Benches clear twice in 8th as Yankees fall to Rays, dropping yet another series

Tampa Bay Rays' Randy Arozarena argues with Yankees relief pitcher Albert Abreu (84) during the eighth inning of a baseball game Sunday, Aug. 27, 2023, in St. Petersburg, Fla. Credit: AP/Scott Audette
ST. PETERSBURG, Fla. — As the oft-used Bill Parcells line goes, you are what your record says you are.
And the Yankees continue to show themselves to be the last-place team they’ve been for a while now.
Despite home runs by Kyle Higashioka, DJ LeMahieu and Anthony Volpe that turned an early two-run deficit into a two-run lead in the fourth, the Yankees fell to the Rays, 7-4, on Sunday afternoon at Tropicana Field.
The game included two benches-clearing incidents in the eighth inning after Albert Abreu hit Randy Arozarena. That was not a surprise, given the deep antipathy that has existed between these two franchises for years.
Given that the Yankees hit 12 Rays batters this season and were hit only twice themselves, it definitely was not a surprise. Four Rays were hit on Sunday and five were hit in the series.
The first time the benches cleared, Rays manager Kevin Cash approached Aaron Boone in the middle of the scrum.
“He’s telling me I’d be upset [if it was my players getting hit],” Boone said. “It certainly wasn’t on purpose, but I understand. When our guys get hit, [even] not on purpose, I don’t like it either. Unfortunately, sometimes it happens in the game. Obviously, [Sunday] it boiled over a little bit.”
The benches initially cleared when Abreu hit Arozarena with a 3-and-1, 96-mph sinker. Arozarena glared back at Abreu, who also hit him in a game here on May 5. Abreu walked toward the plate while saying something to Arozarena and the benches soon cleared.
“Right after I hit him, I’m trying to explain to him that I’m not trying to hit him, that’s not what I’m trying to do there,” Abreu said through his interpreter. “He was saying, ‘That’s the second time you hit me.’ ”
“I think it was on purpose,” Arozarena said through his interpreter in the Rays’ clubhouse. “If you look back at previous series, he’s hit me before.
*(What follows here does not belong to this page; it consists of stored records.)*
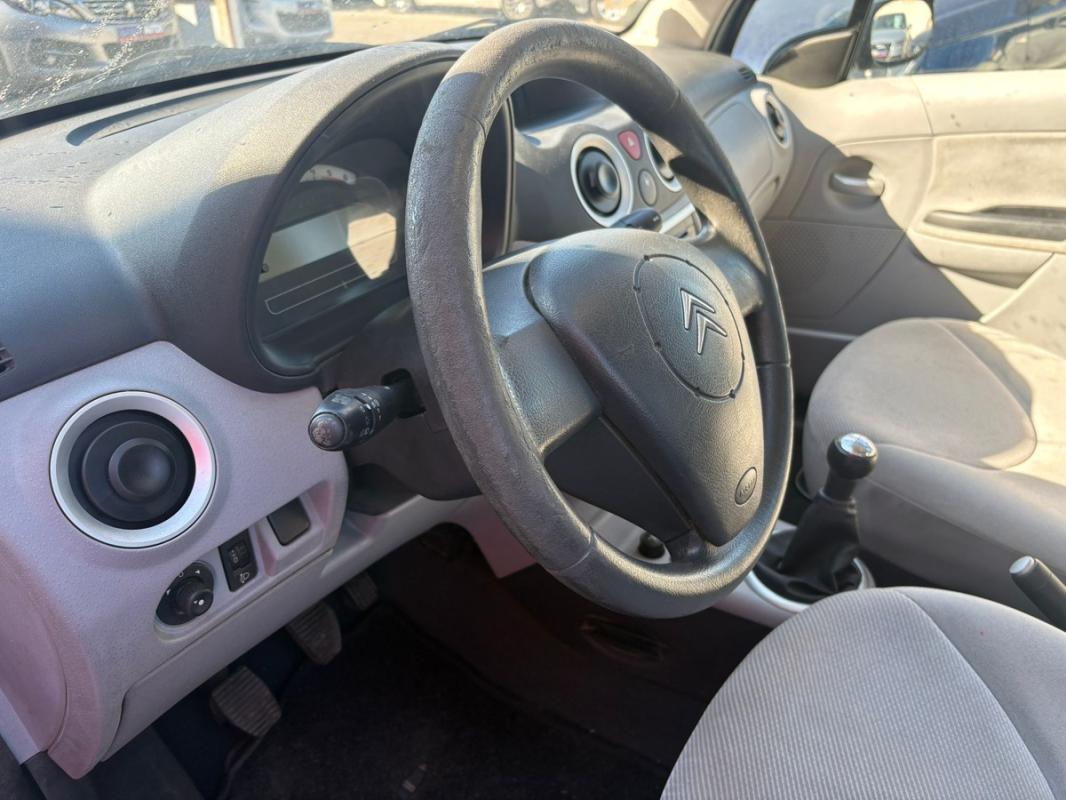 Citroen C3 1.4 HDI DIESEL | ENTIÈREMENT RÉVISÉE & GARANTIE SUR 12 MOIS EN EUROPE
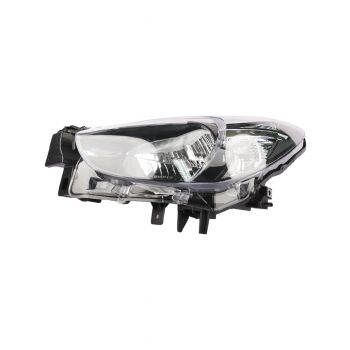 DEPO ไฟหน้า MAZDA2 ปี 15 ซ้าย ไม่มีหลอด (216-1170L) [26973975]
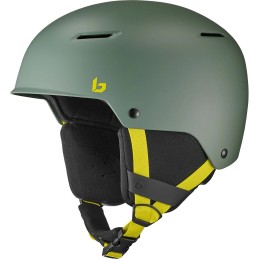 BOLLE Casque de ski junior KEYSTONE YOUTH - OLIVE MATTE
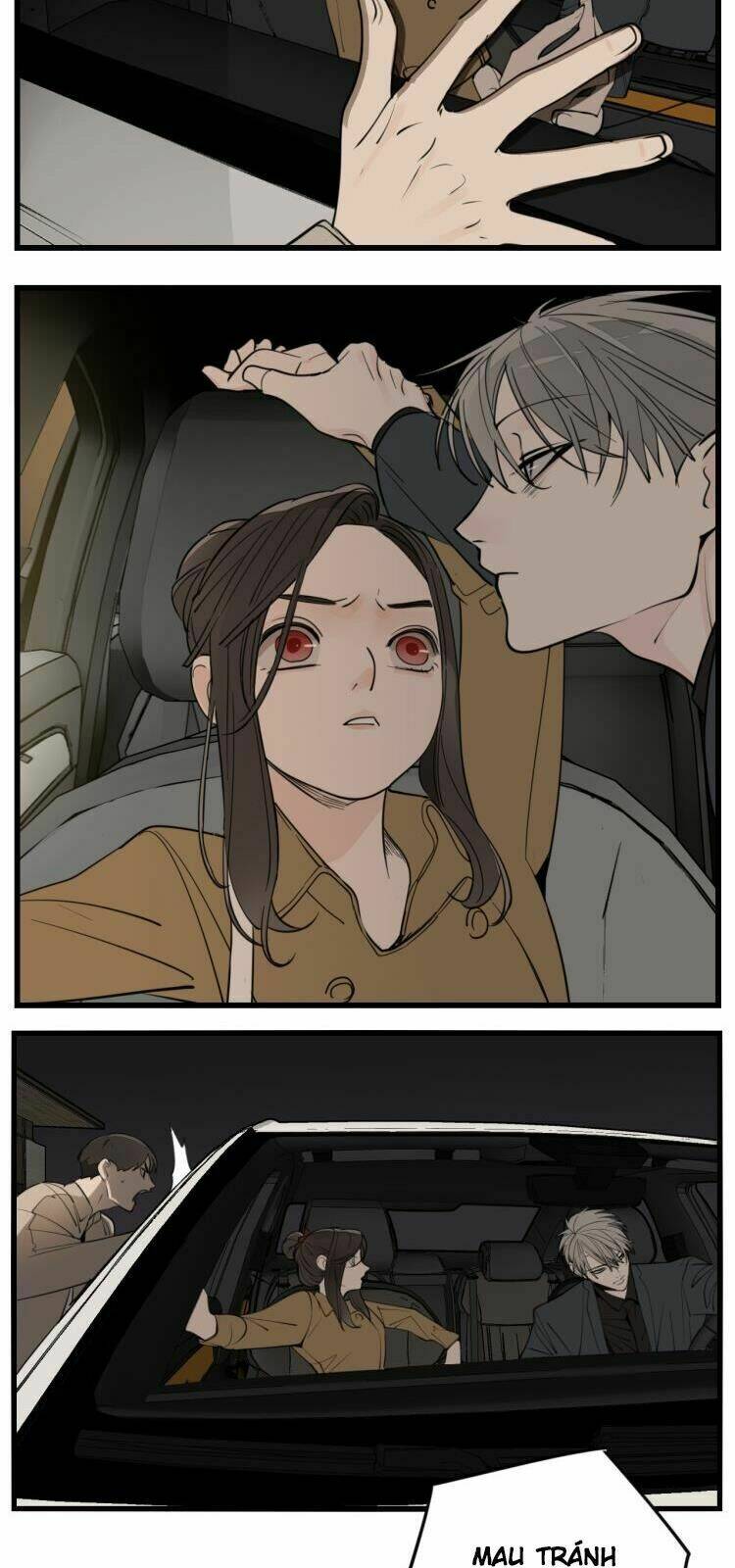 Vật Trong Tay Chapter 53 - Trang 2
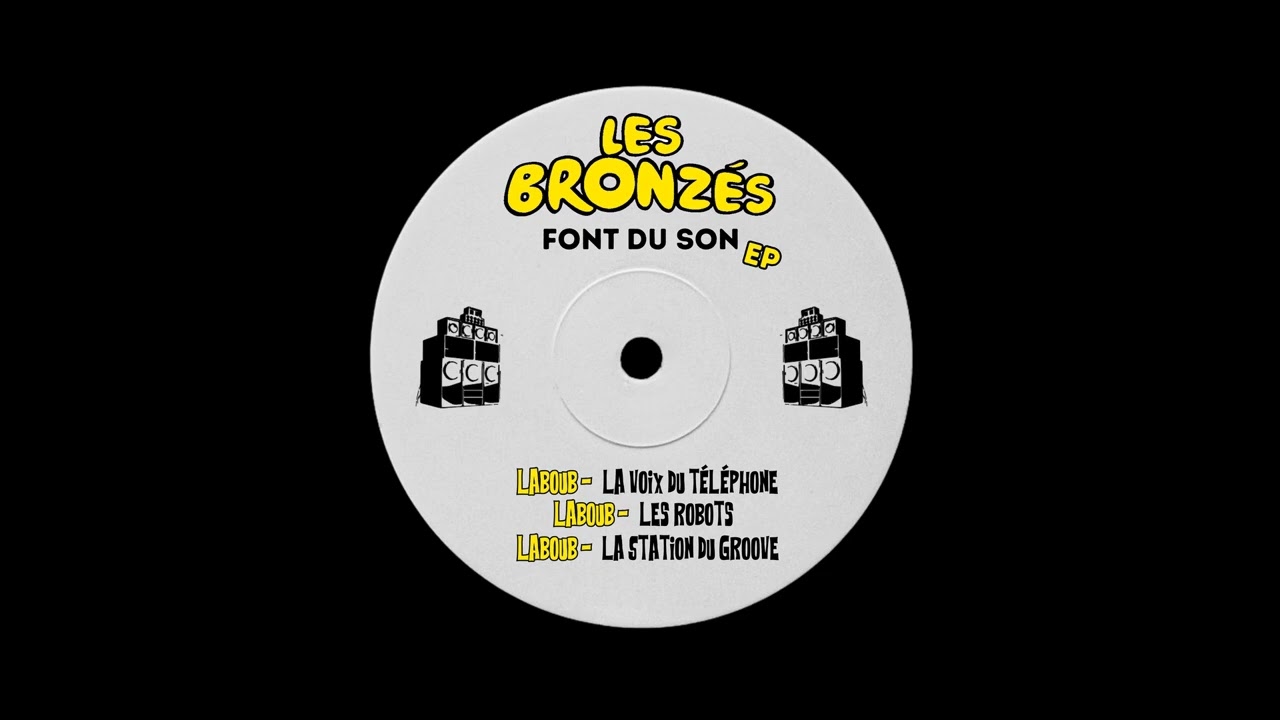 Laboub - La voix du télephone [FUN001]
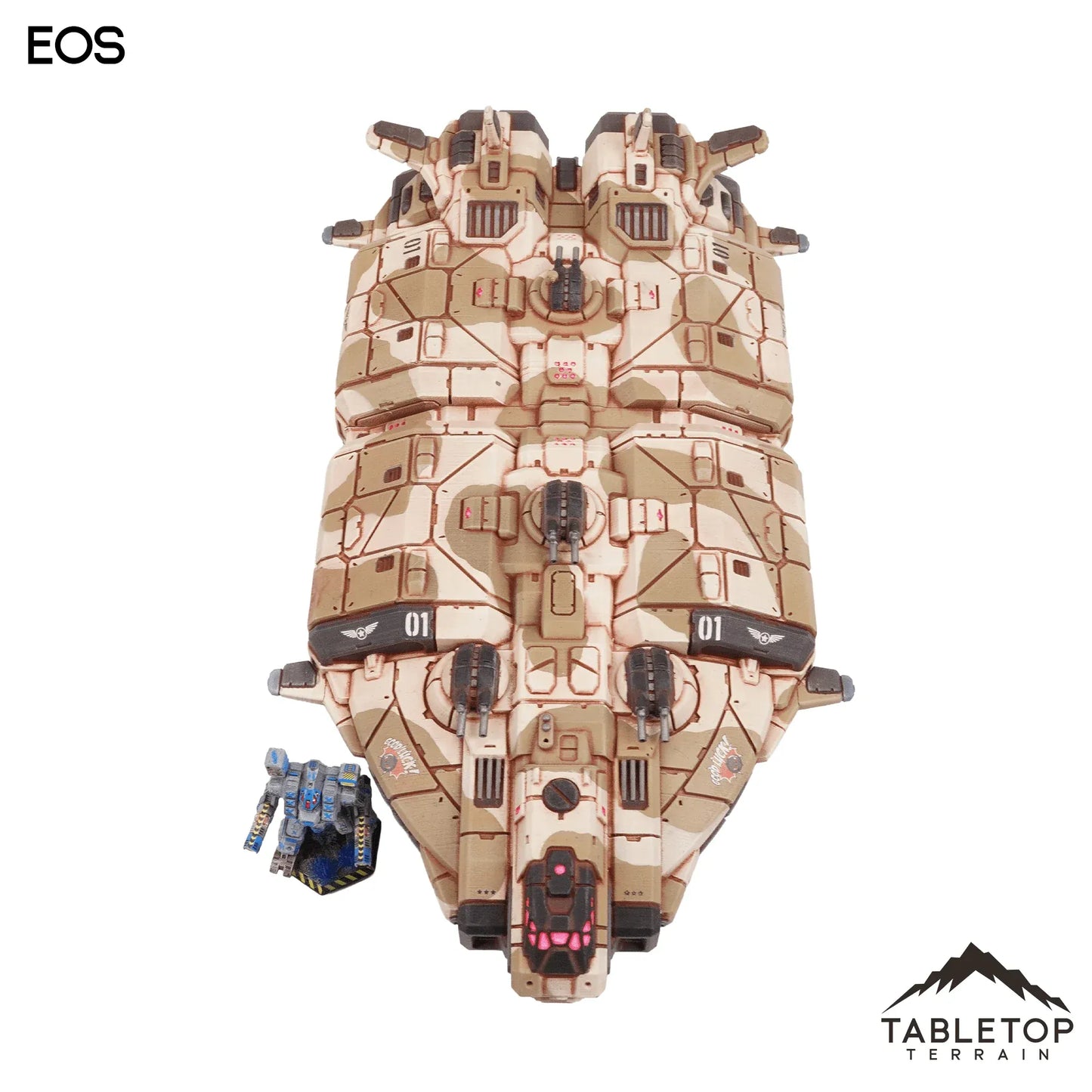 Eos Dropship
I’ve been hit in previous series before that.”
Arozarena then stole second and third. After he collected his helmet, which fell off as he ran to third, Arozarena and Abreu jawed at each other again and the benches emptied again. Brandon Lowe doubled him home to make it 7-4.
“Looking at it in a different view, that’s a last-place team, we don’t need to worry about it,” Lowe said, ultimately hitting the Yankees where it hurts. “We need to focus up on what we need to do down the stretch. But if they lose a guy, it’s not going to be quite as big of a deal as when we lose one of our guys.”
The Yankees (62-68), who are headed to Detroit for a four-game series against the Tigers, dropped two of three to the Rays (80-52) and have lost 12 of 14. They haven’t won a series since sweeping the Royals (41-91) from July 21-23 at the Stadium and are 11 games out of the third wild-card spot.
Higashioka and LeMahieu hit back-to-back homers in the third to tie it at 2-2 and Volpe hit his 18th homer, a two-run shot in the fourth, to give the Yankees a 4-2 lead. The advantage evaporated in a four-run sixth as a result of ineffective work by Ian Hamilton and Wandy Peralta.
Hamilton, who hit Isaac Paredes in the head with a 95-mph fastball in the fifth after replacing Carlos Rodon, allowed a two-out, two-run single by Harold Ramirez in the sixth to tie it at 4. It was a ball second baseman Gleyber Torres probably should have caught, but he didn’t get a good read on it off the bat. Lowe’s two-run single off Peralta later in the inning made it 6-4.
Hamilton offered a somewhat odd response to a question about understanding the Rays’ anger about being hit so often. “I understand it,’’ he said, “but at the same time, if they want to come over here, they can come over here, I guess. Wish we had another game against them . . . I think everyone in here wishes we had another game against them.”
Boone, meanwhile, all but waved off a question about the incidents acting as a spark for his team.
“That’s stuff’s all great and get you riled up and get you going, but it doesn’t help you get hits and make plays,” Boone said. “That’s what we have to do more consistently if we want to win games.”